Earache associated with toothache; also, excellent locally. Pain goes through head from one ear to the other. Tellurium. A most excellent remedy in otitis media with thin, acrid, offensive discharge, very profuse and long-lasting; canal sensitive to touch. Furthermore, Hydrastis is a remedy not to overlooking in catarrhal inflammation of the middle ear with accompanying nasopharyngeal catarrh, tinnitus aurium and thick tenacious discharges. Lastly, Kali sulphuricum. Useful in typical Pulsatilla cases with orange yellow discharges.[2]

Sulphur [Sulph]

is useful for a most offensive discharge from the ears and syringing does no good, the ears are red, raw, and the discharge excoriates. Psorinum is even better than Sulphur in case of offensive discharges from the ears; there is with this remedy a general unhealthy condition of the patient, pustules appear on the face, around the nose, mouth and ears, the blood is impure and the system run down.

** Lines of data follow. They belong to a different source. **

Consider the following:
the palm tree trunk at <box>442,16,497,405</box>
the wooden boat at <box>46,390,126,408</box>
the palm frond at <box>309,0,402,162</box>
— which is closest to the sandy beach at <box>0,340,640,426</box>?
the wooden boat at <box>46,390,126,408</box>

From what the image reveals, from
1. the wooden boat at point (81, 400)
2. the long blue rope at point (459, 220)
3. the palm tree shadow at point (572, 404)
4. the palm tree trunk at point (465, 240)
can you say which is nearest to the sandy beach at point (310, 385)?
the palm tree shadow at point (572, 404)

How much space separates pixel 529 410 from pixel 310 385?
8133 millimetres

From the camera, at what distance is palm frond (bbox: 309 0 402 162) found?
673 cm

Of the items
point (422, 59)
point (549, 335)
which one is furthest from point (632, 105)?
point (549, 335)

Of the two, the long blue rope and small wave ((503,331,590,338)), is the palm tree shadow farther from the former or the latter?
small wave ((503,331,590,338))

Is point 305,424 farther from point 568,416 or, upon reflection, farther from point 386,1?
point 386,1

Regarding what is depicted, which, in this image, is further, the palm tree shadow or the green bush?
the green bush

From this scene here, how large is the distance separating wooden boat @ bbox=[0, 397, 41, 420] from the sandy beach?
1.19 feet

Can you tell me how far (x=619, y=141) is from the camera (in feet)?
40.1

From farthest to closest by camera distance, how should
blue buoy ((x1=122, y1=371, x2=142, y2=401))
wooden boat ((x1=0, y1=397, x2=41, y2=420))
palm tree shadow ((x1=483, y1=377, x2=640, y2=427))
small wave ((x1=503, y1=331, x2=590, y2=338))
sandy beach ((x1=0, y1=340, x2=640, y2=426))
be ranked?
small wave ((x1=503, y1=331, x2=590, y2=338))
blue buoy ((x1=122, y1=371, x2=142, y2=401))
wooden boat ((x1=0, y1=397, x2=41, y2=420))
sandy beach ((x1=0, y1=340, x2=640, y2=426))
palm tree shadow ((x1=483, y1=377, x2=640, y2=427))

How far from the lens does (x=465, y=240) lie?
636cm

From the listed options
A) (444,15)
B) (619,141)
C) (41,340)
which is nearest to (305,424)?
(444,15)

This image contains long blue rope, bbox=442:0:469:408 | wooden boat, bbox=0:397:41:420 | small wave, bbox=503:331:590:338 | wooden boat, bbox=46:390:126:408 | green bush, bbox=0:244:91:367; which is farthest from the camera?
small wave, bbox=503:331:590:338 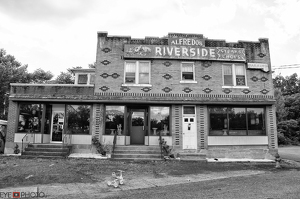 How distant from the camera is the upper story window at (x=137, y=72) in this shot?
15.7 m

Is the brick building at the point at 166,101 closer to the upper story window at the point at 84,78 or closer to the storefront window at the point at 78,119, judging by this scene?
the storefront window at the point at 78,119

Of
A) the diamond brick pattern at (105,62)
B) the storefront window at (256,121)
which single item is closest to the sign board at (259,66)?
the storefront window at (256,121)

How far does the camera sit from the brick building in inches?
592

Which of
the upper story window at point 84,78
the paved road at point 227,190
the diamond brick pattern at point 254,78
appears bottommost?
the paved road at point 227,190

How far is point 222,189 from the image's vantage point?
7.22 meters

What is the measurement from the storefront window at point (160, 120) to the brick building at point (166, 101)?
0.06 metres

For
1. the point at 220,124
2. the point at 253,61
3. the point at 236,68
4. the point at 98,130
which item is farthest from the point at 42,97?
the point at 253,61

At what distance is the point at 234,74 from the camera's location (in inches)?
633

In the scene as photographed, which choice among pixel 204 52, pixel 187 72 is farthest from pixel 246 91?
pixel 187 72

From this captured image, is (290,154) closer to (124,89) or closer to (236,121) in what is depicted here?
(236,121)

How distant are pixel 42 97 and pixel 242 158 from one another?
1295cm

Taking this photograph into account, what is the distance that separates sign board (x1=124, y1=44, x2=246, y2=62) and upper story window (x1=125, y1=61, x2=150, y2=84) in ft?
1.71

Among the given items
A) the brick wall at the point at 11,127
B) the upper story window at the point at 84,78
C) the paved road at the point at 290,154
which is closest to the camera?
the brick wall at the point at 11,127

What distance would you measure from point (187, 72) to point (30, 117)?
10.5 m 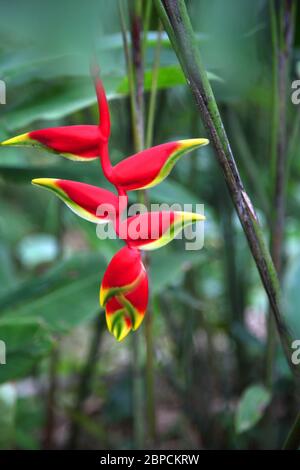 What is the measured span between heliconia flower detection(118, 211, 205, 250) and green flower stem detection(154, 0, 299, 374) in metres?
0.04

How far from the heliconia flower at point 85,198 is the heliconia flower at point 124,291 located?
0.07 feet

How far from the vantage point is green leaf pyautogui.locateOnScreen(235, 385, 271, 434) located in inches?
21.6

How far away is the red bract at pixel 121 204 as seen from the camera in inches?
12.1

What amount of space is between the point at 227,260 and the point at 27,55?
0.41 m

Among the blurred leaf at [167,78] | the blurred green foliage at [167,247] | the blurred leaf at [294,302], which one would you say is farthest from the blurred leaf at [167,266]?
the blurred leaf at [167,78]

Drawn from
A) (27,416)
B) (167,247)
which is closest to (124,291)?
(167,247)

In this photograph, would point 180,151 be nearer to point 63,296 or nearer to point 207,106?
point 207,106

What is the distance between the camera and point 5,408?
0.66 metres

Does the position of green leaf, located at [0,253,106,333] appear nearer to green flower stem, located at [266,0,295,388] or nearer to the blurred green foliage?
the blurred green foliage

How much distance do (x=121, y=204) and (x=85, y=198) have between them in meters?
0.02

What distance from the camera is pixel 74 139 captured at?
0.32 metres

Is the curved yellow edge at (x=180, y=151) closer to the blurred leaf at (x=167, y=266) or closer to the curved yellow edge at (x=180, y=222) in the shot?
the curved yellow edge at (x=180, y=222)

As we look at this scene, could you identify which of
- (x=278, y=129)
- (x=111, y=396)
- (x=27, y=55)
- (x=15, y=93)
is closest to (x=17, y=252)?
(x=111, y=396)

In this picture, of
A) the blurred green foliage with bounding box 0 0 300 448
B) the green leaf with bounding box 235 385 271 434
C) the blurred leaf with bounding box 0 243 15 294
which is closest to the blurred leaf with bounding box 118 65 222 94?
the blurred green foliage with bounding box 0 0 300 448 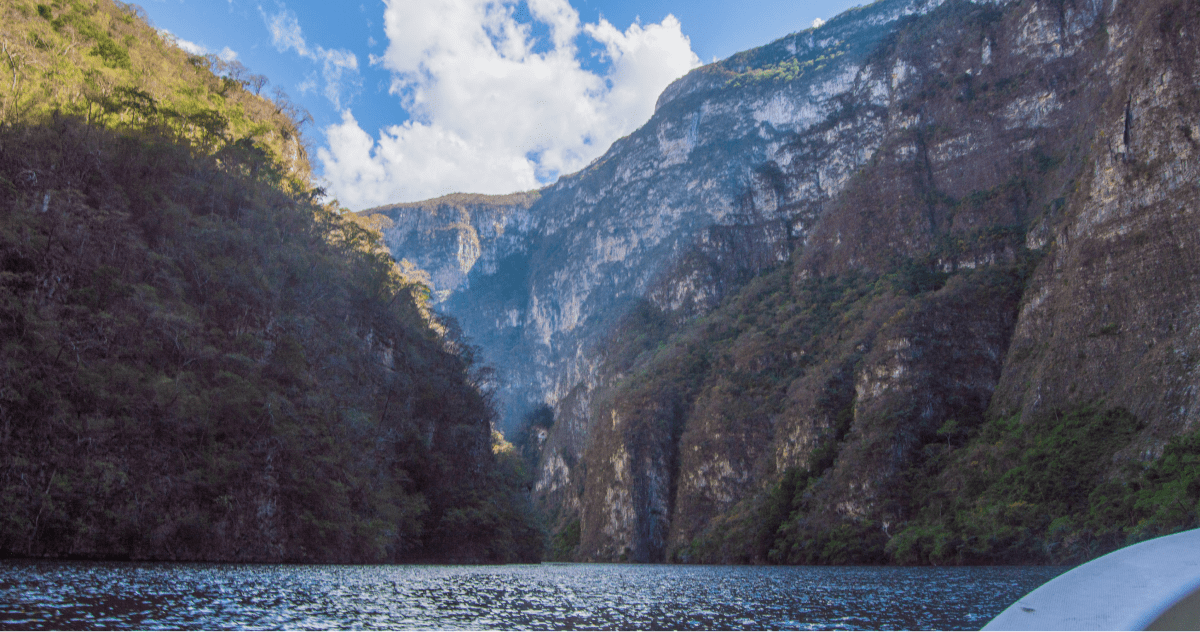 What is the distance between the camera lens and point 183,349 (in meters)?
36.8

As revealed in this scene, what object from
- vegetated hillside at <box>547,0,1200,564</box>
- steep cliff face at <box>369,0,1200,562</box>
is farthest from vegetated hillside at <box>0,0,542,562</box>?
steep cliff face at <box>369,0,1200,562</box>

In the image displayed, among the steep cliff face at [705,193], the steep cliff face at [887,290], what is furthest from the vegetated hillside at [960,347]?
the steep cliff face at [705,193]

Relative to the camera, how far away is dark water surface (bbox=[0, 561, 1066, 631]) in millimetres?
14062

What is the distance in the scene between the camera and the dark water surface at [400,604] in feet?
46.1

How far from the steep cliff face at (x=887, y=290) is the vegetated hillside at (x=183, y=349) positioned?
1722 inches

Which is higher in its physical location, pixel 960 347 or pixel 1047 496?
pixel 960 347

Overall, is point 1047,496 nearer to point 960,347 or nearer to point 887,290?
point 960,347

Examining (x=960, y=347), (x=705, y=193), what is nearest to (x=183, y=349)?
(x=960, y=347)

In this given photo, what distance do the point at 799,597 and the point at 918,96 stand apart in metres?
114

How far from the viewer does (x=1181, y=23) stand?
6562cm

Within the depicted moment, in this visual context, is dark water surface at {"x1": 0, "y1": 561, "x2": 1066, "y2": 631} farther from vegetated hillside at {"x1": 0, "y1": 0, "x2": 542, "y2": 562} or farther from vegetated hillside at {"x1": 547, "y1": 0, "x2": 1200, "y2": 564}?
vegetated hillside at {"x1": 547, "y1": 0, "x2": 1200, "y2": 564}

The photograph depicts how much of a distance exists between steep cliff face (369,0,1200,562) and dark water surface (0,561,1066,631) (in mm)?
41875

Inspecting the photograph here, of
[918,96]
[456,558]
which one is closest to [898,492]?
[456,558]

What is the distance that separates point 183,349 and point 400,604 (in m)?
24.5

Moreover, It is a remedy not to be despised in ear affections, also is especially to be considered in cases of chronic otitis media, especially of psoric origin, in which other remedies and methods of treatment have been tried unsuccessfully [2].

Diet and Regimen

Diet and Regimen of AOM:

AOM is far less common in breastfeeding infants than in formula-fed infants, and the greatest protection is associating with exclusive breastfeeding (no formula use) for the first six months of life. A longer duration of breastfeeding is correlating with a longer protective effect.[3]

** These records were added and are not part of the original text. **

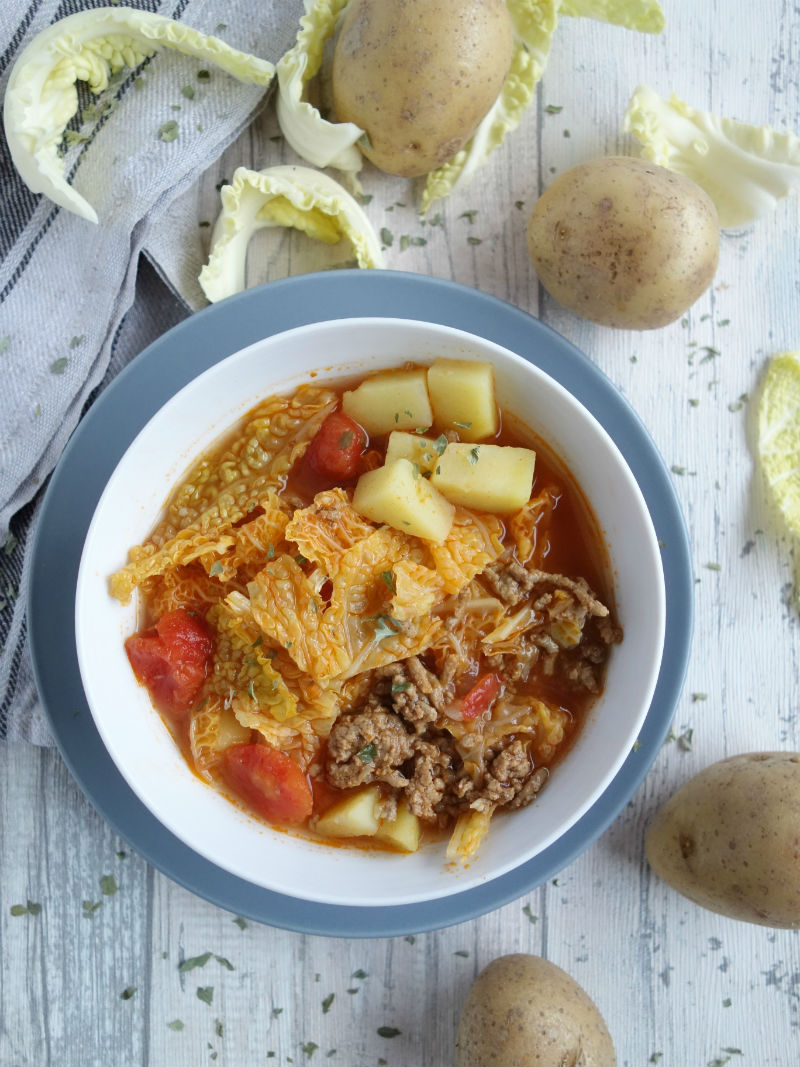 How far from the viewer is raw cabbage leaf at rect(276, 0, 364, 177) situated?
139 inches

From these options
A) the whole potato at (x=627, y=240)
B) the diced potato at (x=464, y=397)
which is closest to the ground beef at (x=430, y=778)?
the diced potato at (x=464, y=397)

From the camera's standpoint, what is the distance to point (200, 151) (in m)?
3.63

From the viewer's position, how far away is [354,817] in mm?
3318

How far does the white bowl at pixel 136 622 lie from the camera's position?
3.00 m

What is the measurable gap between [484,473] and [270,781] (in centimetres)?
139

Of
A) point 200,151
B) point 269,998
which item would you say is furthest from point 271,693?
point 200,151

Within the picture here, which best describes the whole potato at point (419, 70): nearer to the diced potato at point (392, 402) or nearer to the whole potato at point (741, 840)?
the diced potato at point (392, 402)

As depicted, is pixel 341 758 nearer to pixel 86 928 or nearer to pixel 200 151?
pixel 86 928

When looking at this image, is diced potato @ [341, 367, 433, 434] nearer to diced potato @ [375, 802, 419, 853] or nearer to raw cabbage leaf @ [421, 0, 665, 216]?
raw cabbage leaf @ [421, 0, 665, 216]

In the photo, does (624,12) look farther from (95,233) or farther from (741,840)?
(741,840)

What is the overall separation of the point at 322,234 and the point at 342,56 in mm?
679

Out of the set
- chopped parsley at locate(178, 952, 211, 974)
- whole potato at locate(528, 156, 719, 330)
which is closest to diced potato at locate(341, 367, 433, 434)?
whole potato at locate(528, 156, 719, 330)

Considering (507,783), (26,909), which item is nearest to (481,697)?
(507,783)

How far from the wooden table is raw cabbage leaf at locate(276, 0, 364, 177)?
3.18 ft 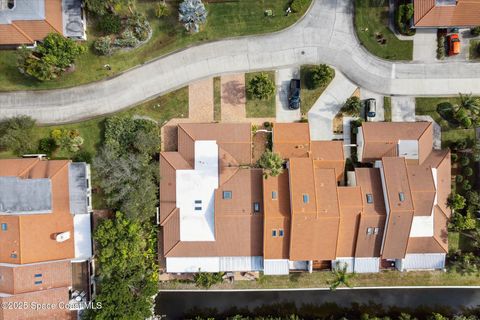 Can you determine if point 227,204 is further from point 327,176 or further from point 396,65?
point 396,65

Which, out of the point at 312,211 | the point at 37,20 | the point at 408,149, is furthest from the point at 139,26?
the point at 408,149

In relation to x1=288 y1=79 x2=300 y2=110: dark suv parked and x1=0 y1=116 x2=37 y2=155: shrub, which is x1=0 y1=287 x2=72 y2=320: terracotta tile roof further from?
x1=288 y1=79 x2=300 y2=110: dark suv parked

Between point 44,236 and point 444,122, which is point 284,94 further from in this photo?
point 44,236

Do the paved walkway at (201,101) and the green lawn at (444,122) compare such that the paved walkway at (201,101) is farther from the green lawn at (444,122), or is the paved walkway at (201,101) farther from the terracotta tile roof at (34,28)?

  • Breastfeeding protects young infants from OM and GI tract illness. don’t feed your child while they’re lying flat on their back
  • After that, Avoid exposing your child to smoky environments (passive smoking)
  • Wear mask
  • Avoid sweets, cold food also drinks
  • Avoid inserting anything in ears or care should take while cleaning the ear
  • Keep clean discharging ear
  • Avoiding contact with other children who are unwell may also help reduce your child’s chances of catching an infection that could lead to a middle ear infection.[3]

FAQs

Frequently Asked Questions

What is Acute Otitis Media?

Otitis media is a group of inflammatory diseases of the middle ear. where’s acute otitis media [AOM] is an infection of rapid onset that usually presents with ear pain.

Homeopathic Medicines use by Homeopathic Doctors in treatment of Acute Otitis Media?

  • Aconite
  • Belladonna
  • Hepar Sulphur
  • Mercurius
  • Pulsatilla
  • Plantago
  • Sulphur

What are the sign and symptoms of Acute Otitis Media?

  • Ear pain
  • Fever
  • Reduced hearing
  • Tenderness on touch
  • Purulent discharge
  • Irritability and diarrhea (in infants)

What is the treatment of Acute Otitis Media?

  • Decongestant nasal drops.
  • Oral nasal decongestants.
  • Analgesics and antipyretics.
  • Ear toilet.
  • Dry local heat
  • Incising the drum to evacuate pus.

References:

  1. https://en.wikipedia.org/wiki/Otitis_media
  2. Therapeutics from Zomeo Ultimate LAN
  3. https://www.nhsinform.scot/illnesses-and-conditions/ears-nose-and-throat/middle-ear-infection-otitis-media
  4. Disease of EAR, NOSE, AND THROAT&HEAD AND NECK SURGERY 6TH EDITIONS BY P.L Dhingra, Shruti Dhingra.